Interesting facts guys. This was the information that I was after.

Have any of you kept up with the loss reductions possible using capacitors? Our company, a rural municipal, was having line losses anywhere from 7.5 to 8.5 %. We reworked some of the existing cap installations, and our losses dropped to approx. 5%. This continued for a year or more until our losses gradually crept back up to 7%, where it remains steady. We researched virtually everything, but could not find any one cause for the change in loss. The system was basically unchanged for the time period involved. The loss amounts to considerable money. On our system it is about $100 000 for every percent of loss.

 

[johnnyball]

I found a really good paper on this topic on the EPRI website. Look under project ID # 1010655.

 

[KVX10]

Just another idea...
Do you have a SCADA system with a load management option? If so, you can use the already installed SCADA system using load management switches that control oil switches to open or close in the capacitors.

 

[jghrist]

For uniformly distributed loads, locate capacitors 2/3 of the distance from the substation to minimize losses.

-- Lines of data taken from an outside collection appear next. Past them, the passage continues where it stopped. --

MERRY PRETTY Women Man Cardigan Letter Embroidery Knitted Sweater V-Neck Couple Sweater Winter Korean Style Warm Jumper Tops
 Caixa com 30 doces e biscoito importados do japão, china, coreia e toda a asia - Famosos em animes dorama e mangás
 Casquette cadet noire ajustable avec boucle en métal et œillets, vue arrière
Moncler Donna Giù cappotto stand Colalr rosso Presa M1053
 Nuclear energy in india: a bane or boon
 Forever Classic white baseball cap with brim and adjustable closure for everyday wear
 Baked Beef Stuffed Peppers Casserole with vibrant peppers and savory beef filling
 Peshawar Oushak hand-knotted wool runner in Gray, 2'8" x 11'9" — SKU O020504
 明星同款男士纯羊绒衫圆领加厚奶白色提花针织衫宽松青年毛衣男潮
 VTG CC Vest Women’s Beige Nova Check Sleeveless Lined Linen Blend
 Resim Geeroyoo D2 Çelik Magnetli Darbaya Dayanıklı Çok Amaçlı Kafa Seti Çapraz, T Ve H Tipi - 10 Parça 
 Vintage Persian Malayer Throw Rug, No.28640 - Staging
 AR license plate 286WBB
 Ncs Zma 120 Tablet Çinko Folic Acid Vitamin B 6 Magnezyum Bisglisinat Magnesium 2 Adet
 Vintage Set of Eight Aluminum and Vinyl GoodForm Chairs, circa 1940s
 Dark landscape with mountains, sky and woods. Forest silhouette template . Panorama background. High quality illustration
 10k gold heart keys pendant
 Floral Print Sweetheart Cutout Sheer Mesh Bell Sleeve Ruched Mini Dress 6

For uniformly decreasing distributed loads, locate capacitors 1/2 of the distance from the substation.

If the load is concentrated, locate the capacitors near the load.

For loads that are none of the above, use engineering judgement to place the capacitors with the above rules of thumb in mind. I have found, from varying capacitor locations in a load flow program, that the difference in losses for large variations from the ideal location are small.

 

[magoo2]

For uniformly distributed loads, locate a 2/3 capacitor 2/3 of the distance from the substation to minimize losses. This rule only applies for a 2/3 capacitor and is frequently misquoted. This is also a special case of the 1/2 rule.

With a uniformly distributed load, the load at any point along the feeder equals 1 - x, where x = 0 corresponds to the substation and x = 1 corresponds to the end of the circuit. Try to apply a 2/3 capacitor. 1/2 Rule says you appy it where the load equals 1/3. At x =2/3, the load equals 1/3.

Could consider smaller banks like 1/3. 1/2 Rule says to apply it where the load equals 1/6. Works out to be x = 5/5 for this size.

My point is mentioning this is that the 2/3 rule is a very restrictive case that applies for uniformly distributed loads. The 1/3 Rule is more general and more accurate.

From a high level, you should apply capacitors where you have significant loads and this accomplishes this quite well.

 

[jghrist]

For sizing capacitor banks, I would determine the minimum var load of the circuit and install fixed banks to correct for this. Loss reduction is proportional to the average var load.

My experience is that switched capacitors cannot be justified by loss reduction because of the cost of the switches and controls and the fact that they are not on line all of the time. Switched capacitors can be justified if needed:

1. To meet power factor requirements at peak load to avoid penalties.
2. To reduce line amps and avoid replacing overloaded conductors or equipment.
3. To improve voltage.
4. Possibly to reduce peak losses if the demand cost of power is high.